- Opening Delimiter -

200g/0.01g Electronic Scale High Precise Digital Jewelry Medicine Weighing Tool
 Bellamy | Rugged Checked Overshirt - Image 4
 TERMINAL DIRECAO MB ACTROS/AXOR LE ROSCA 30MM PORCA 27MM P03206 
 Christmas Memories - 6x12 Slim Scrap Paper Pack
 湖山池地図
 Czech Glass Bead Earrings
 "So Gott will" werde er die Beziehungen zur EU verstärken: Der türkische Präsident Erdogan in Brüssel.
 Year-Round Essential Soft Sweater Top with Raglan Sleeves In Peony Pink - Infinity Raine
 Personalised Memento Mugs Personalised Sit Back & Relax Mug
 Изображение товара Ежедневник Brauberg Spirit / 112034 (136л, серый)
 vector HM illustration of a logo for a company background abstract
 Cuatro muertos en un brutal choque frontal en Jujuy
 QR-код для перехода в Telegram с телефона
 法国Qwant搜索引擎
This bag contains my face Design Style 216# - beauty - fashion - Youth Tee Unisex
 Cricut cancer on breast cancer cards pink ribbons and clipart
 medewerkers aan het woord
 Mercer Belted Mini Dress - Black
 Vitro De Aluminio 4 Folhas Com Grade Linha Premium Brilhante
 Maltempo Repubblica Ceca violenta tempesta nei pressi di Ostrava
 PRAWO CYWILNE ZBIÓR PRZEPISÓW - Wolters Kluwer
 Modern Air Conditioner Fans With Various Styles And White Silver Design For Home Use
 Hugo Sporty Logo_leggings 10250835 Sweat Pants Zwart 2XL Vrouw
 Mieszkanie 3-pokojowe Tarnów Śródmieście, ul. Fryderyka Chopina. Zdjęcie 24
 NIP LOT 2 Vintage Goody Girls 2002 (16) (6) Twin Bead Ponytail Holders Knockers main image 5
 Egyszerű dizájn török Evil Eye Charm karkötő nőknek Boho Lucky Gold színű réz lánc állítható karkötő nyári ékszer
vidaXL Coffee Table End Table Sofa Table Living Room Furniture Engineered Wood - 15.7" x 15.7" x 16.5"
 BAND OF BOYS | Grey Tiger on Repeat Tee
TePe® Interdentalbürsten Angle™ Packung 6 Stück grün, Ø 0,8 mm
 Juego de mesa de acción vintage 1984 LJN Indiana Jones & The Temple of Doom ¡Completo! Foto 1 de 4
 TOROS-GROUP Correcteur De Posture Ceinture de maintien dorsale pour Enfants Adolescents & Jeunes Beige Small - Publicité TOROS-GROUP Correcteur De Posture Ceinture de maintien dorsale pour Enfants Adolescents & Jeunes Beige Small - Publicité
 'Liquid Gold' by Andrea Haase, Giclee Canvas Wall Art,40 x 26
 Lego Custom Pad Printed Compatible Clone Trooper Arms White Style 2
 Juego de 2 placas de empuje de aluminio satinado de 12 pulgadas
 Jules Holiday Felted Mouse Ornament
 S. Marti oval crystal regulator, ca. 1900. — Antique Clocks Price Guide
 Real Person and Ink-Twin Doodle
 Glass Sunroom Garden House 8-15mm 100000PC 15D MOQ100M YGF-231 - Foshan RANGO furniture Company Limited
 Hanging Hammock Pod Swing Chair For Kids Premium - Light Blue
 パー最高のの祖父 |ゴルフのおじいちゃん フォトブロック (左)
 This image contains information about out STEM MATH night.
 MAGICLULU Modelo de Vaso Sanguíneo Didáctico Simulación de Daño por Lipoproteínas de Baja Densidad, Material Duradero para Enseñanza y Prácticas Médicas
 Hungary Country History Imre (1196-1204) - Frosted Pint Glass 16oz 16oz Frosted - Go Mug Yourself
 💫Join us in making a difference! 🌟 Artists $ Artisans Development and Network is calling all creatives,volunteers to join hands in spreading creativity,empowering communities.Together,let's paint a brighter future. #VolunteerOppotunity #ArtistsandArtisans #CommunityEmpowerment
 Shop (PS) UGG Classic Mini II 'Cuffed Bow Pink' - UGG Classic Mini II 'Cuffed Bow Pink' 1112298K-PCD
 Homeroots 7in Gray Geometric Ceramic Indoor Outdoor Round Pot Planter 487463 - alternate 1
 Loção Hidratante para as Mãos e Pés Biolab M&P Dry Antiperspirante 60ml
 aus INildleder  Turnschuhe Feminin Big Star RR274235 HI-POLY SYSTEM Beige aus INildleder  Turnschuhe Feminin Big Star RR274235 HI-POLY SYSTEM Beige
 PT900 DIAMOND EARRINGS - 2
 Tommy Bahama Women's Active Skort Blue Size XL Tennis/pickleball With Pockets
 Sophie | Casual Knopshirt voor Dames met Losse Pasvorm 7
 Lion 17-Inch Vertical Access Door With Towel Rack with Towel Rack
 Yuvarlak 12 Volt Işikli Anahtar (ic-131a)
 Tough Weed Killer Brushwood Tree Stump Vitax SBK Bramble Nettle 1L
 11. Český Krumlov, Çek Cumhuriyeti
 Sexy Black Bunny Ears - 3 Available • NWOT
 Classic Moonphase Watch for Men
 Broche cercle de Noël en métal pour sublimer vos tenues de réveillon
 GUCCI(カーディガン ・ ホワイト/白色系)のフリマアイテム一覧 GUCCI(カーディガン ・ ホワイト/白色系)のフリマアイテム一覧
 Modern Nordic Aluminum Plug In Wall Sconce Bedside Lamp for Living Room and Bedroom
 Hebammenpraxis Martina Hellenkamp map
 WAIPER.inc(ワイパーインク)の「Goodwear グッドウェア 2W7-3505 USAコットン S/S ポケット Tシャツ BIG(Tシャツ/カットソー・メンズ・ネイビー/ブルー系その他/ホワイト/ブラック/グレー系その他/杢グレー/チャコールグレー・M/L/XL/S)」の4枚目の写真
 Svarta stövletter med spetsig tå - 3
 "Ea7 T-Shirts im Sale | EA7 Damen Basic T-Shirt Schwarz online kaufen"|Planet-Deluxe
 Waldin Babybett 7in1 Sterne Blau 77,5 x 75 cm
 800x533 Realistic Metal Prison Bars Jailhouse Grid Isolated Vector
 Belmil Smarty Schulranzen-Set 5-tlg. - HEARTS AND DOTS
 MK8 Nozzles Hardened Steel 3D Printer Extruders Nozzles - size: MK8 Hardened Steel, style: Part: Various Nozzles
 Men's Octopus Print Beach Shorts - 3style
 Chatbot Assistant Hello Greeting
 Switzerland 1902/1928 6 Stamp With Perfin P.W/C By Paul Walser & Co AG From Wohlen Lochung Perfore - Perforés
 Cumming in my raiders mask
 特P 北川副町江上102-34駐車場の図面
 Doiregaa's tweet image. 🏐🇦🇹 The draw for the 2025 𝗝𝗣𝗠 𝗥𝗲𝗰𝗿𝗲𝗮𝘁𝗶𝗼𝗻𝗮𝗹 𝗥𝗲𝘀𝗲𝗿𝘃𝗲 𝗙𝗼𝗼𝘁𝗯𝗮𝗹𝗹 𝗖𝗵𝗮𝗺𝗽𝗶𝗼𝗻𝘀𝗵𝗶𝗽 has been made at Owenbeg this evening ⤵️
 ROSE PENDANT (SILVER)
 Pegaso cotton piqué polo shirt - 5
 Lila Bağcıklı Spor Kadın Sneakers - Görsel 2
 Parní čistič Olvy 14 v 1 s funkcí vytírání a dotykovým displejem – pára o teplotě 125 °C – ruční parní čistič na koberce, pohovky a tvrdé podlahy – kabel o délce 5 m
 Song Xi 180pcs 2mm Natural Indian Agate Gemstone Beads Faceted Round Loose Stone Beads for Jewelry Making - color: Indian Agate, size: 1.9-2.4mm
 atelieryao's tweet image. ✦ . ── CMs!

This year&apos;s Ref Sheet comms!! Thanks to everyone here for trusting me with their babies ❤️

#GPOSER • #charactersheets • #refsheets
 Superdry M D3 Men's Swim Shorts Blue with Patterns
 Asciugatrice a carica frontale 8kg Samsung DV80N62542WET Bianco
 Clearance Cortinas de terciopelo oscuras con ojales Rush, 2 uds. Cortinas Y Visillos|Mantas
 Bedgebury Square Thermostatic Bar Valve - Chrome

- Closing Delimiter -

(Aim of the exercise) Your answer should consist solely of the lines above from the line with "Classic Moonphase Watch for Men" to the line with "Hebammenpraxis Martina Hellenkamp map", both included, reproduced exactly.

(Task answer)
 Classic Moonphase Watch for Men
 Broche cercle de Noël en métal pour sublimer vos tenues de réveillon
 GUCCI(カーディガン ・ ホワイト/白色系)のフリマアイテム一覧 GUCCI(カーディガン ・ ホワイト/白色系)のフリマアイテム一覧
 Modern Nordic Aluminum Plug In Wall Sconce Bedside Lamp for Living Room and Bedroom
 Hebammenpraxis Martina Hellenkamp map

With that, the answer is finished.